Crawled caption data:
···

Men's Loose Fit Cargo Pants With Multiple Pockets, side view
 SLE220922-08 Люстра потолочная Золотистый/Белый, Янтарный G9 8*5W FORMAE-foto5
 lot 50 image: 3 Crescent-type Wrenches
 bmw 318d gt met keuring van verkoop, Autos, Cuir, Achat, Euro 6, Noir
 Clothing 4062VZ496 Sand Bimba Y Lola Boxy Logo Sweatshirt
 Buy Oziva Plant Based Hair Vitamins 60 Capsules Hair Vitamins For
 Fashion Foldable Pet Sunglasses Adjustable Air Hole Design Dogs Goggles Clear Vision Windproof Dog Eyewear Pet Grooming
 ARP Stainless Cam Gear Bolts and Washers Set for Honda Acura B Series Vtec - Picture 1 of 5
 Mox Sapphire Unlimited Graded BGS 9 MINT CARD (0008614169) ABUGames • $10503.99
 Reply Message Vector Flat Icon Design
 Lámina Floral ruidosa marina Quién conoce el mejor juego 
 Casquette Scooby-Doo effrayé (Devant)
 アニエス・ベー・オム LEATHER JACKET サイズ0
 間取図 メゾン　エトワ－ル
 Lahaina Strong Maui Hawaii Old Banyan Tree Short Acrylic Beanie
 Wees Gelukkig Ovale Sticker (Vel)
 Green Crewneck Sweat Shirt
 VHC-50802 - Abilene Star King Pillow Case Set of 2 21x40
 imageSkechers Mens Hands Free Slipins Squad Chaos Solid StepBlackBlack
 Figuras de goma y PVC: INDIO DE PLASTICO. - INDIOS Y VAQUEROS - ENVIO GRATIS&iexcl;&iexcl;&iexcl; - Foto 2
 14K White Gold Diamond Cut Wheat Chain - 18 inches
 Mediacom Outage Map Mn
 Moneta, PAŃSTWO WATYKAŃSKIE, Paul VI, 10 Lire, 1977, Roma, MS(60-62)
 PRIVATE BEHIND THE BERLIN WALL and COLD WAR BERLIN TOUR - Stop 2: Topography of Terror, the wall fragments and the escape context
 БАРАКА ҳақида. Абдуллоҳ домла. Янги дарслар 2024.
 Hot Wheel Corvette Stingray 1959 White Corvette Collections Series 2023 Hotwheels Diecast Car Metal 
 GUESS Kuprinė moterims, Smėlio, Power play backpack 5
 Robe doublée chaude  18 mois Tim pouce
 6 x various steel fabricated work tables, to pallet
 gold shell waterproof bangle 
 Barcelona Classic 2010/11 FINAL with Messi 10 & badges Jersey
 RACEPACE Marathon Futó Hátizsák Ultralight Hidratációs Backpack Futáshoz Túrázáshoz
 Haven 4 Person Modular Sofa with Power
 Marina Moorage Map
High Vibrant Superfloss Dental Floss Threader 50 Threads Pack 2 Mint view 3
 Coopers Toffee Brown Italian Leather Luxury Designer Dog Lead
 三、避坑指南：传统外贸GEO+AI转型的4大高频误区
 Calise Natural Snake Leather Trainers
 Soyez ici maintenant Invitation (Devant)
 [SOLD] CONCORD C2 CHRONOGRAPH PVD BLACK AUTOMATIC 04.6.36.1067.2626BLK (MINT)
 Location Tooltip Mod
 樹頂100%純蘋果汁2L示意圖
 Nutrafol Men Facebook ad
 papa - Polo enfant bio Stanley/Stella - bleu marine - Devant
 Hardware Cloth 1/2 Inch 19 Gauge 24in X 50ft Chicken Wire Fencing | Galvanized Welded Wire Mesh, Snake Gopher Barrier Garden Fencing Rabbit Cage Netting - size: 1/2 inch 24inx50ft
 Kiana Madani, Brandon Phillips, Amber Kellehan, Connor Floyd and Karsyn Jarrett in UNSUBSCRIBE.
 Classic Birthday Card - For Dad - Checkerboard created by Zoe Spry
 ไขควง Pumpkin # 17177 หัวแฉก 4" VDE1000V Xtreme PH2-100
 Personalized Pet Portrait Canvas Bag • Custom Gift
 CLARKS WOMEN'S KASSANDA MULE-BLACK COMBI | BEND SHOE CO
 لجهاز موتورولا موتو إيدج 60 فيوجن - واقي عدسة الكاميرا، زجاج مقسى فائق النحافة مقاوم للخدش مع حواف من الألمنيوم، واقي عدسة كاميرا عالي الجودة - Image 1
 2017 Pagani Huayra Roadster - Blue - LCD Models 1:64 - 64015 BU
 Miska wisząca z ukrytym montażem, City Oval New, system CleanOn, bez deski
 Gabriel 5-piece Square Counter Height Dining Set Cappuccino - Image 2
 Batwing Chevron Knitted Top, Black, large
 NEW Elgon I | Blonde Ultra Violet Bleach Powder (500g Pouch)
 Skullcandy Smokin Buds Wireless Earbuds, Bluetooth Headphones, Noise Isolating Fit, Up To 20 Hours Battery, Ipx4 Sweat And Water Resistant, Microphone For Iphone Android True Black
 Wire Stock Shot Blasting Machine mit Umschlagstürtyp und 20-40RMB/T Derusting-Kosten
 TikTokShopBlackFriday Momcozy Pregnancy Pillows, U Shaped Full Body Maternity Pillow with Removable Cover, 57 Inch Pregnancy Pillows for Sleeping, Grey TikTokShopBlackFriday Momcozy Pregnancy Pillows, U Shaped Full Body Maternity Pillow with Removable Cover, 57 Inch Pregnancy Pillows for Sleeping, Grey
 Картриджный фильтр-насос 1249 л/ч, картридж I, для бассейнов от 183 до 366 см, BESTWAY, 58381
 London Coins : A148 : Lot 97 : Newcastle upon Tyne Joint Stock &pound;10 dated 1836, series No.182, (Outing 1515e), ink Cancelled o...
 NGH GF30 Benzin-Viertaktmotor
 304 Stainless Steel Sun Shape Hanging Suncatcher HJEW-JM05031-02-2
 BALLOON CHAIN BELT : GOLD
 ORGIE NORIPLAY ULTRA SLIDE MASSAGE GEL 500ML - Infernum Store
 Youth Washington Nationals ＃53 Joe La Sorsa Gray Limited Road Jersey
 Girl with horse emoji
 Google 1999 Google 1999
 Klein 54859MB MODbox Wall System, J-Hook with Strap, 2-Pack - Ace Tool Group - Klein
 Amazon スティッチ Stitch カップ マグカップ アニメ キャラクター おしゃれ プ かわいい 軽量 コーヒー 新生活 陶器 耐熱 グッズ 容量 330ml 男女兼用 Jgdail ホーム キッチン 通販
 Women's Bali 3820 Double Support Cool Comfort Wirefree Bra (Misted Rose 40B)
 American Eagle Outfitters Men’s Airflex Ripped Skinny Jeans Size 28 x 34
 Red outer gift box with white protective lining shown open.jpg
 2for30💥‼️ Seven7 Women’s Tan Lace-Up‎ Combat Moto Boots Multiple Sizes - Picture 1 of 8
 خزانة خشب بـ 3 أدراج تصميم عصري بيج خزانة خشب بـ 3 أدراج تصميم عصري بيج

···

PROBLEM: Write out the records above exactly as given.

WRITTEN SOLUTION:
Men's Loose Fit Cargo Pants With Multiple Pockets, side view
 SLE220922-08 Люстра потолочная Золотистый/Белый, Янтарный G9 8*5W FORMAE-foto5
 lot 50 image: 3 Crescent-type Wrenches
 bmw 318d gt met keuring van verkoop, Autos, Cuir, Achat, Euro 6, Noir
 Clothing 4062VZ496 Sand Bimba Y Lola Boxy Logo Sweatshirt
 Buy Oziva Plant Based Hair Vitamins 60 Capsules Hair Vitamins For
 Fashion Foldable Pet Sunglasses Adjustable Air Hole Design Dogs Goggles Clear Vision Windproof Dog Eyewear Pet Grooming
 ARP Stainless Cam Gear Bolts and Washers Set for Honda Acura B Series Vtec - Picture 1 of 5
 Mox Sapphire Unlimited Graded BGS 9 MINT CARD (0008614169) ABUGames • $10503.99
 Reply Message Vector Flat Icon Design
 Lámina Floral ruidosa marina Quién conoce el mejor juego 
 Casquette Scooby-Doo effrayé (Devant)
 アニエス・ベー・オム LEATHER JACKET サイズ0
 間取図 メゾン　エトワ－ル
 Lahaina Strong Maui Hawaii Old Banyan Tree Short Acrylic Beanie
 Wees Gelukkig Ovale Sticker (Vel)
 Green Crewneck Sweat Shirt
 VHC-50802 - Abilene Star King Pillow Case Set of 2 21x40
 imageSkechers Mens Hands Free Slipins Squad Chaos Solid StepBlackBlack
 Figuras de goma y PVC: INDIO DE PLASTICO. - INDIOS Y VAQUEROS - ENVIO GRATIS&iexcl;&iexcl;&iexcl; - Foto 2
 14K White Gold Diamond Cut Wheat Chain - 18 inches
 Mediacom Outage Map Mn
 Moneta, PAŃSTWO WATYKAŃSKIE, Paul VI, 10 Lire, 1977, Roma, MS(60-62)
 PRIVATE BEHIND THE BERLIN WALL and COLD WAR BERLIN TOUR - Stop 2: Topography of Terror, the wall fragments and the escape context
 БАРАКА ҳақида. Абдуллоҳ домла. Янги дарслар 2024.
 Hot Wheel Corvette Stingray 1959 White Corvette Collections Series 2023 Hotwheels Diecast Car Metal 
 GUESS Kuprinė moterims, Smėlio, Power play backpack 5
 Robe doublée chaude  18 mois Tim pouce
 6 x various steel fabricated work tables, to pallet
 gold shell waterproof bangle 
 Barcelona Classic 2010/11 FINAL with Messi 10 & badges Jersey
 RACEPACE Marathon Futó Hátizsák Ultralight Hidratációs Backpack Futáshoz Túrázáshoz
 Haven 4 Person Modular Sofa with Power
 Marina Moorage Map
High Vibrant Superfloss Dental Floss Threader 50 Threads Pack 2 Mint view 3
 Coopers Toffee Brown Italian Leather Luxury Designer Dog Lead
 三、避坑指南：传统外贸GEO+AI转型的4大高频误区
 Calise Natural Snake Leather Trainers
 Soyez ici maintenant Invitation (Devant)
 [SOLD] CONCORD C2 CHRONOGRAPH PVD BLACK AUTOMATIC 04.6.36.1067.2626BLK (MINT)
 Location Tooltip Mod
 樹頂100%純蘋果汁2L示意圖
 Nutrafol Men Facebook ad
 papa - Polo enfant bio Stanley/Stella - bleu marine - Devant
 Hardware Cloth 1/2 Inch 19 Gauge 24in X 50ft Chicken Wire Fencing | Galvanized Welded Wire Mesh, Snake Gopher Barrier Garden Fencing Rabbit Cage Netting - size: 1/2 inch 24inx50ft
 Kiana Madani, Brandon Phillips, Amber Kellehan, Connor Floyd and Karsyn Jarrett in UNSUBSCRIBE.
 Classic Birthday Card - For Dad - Checkerboard created by Zoe Spry
 ไขควง Pumpkin # 17177 หัวแฉก 4" VDE1000V Xtreme PH2-100
 Personalized Pet Portrait Canvas Bag • Custom Gift
 CLARKS WOMEN'S KASSANDA MULE-BLACK COMBI | BEND SHOE CO
 لجهاز موتورولا موتو إيدج 60 فيوجن - واقي عدسة الكاميرا، زجاج مقسى فائق النحافة مقاوم للخدش مع حواف من الألمنيوم، واقي عدسة كاميرا عالي الجودة - Image 1
 2017 Pagani Huayra Roadster - Blue - LCD Models 1:64 - 64015 BU
 Miska wisząca z ukrytym montażem, City Oval New, system CleanOn, bez deski
 Gabriel 5-piece Square Counter Height Dining Set Cappuccino - Image 2
 Batwing Chevron Knitted Top, Black, large
 NEW Elgon I | Blonde Ultra Violet Bleach Powder (500g Pouch)
 Skullcandy Smokin Buds Wireless Earbuds, Bluetooth Headphones, Noise Isolating Fit, Up To 20 Hours Battery, Ipx4 Sweat And Water Resistant, Microphone For Iphone Android True Black
 Wire Stock Shot Blasting Machine mit Umschlagstürtyp und 20-40RMB/T Derusting-Kosten
 TikTokShopBlackFriday Momcozy Pregnancy Pillows, U Shaped Full Body Maternity Pillow with Removable Cover, 57 Inch Pregnancy Pillows for Sleeping, Grey TikTokShopBlackFriday Momcozy Pregnancy Pillows, U Shaped Full Body Maternity Pillow with Removable Cover, 57 Inch Pregnancy Pillows for Sleeping, Grey
 Картриджный фильтр-насос 1249 л/ч, картридж I, для бассейнов от 183 до 366 см, BESTWAY, 58381
 London Coins : A148 : Lot 97 : Newcastle upon Tyne Joint Stock &pound;10 dated 1836, series No.182, (Outing 1515e), ink Cancelled o...
 NGH GF30 Benzin-Viertaktmotor
 304 Stainless Steel Sun Shape Hanging Suncatcher HJEW-JM05031-02-2
 BALLOON CHAIN BELT : GOLD
 ORGIE NORIPLAY ULTRA SLIDE MASSAGE GEL 500ML - Infernum Store
 Youth Washington Nationals ＃53 Joe La Sorsa Gray Limited Road Jersey
 Girl with horse emoji
 Google 1999 Google 1999
 Klein 54859MB MODbox Wall System, J-Hook with Strap, 2-Pack - Ace Tool Group - Klein
 Amazon スティッチ Stitch カップ マグカップ アニメ キャラクター おしゃれ プ かわいい 軽量 コーヒー 新生活 陶器 耐熱 グッズ 容量 330ml 男女兼用 Jgdail ホーム キッチン 通販
 Women's Bali 3820 Double Support Cool Comfort Wirefree Bra (Misted Rose 40B)
 American Eagle Outfitters Men’s Airflex Ripped Skinny Jeans Size 28 x 34
 Red outer gift box with white protective lining shown open.jpg
 2for30💥‼️ Seven7 Women’s Tan Lace-Up‎ Combat Moto Boots Multiple Sizes - Picture 1 of 8
 خزانة خشب بـ 3 أدراج تصميم عصري بيج خزانة خشب بـ 3 أدراج تصميم عصري بيج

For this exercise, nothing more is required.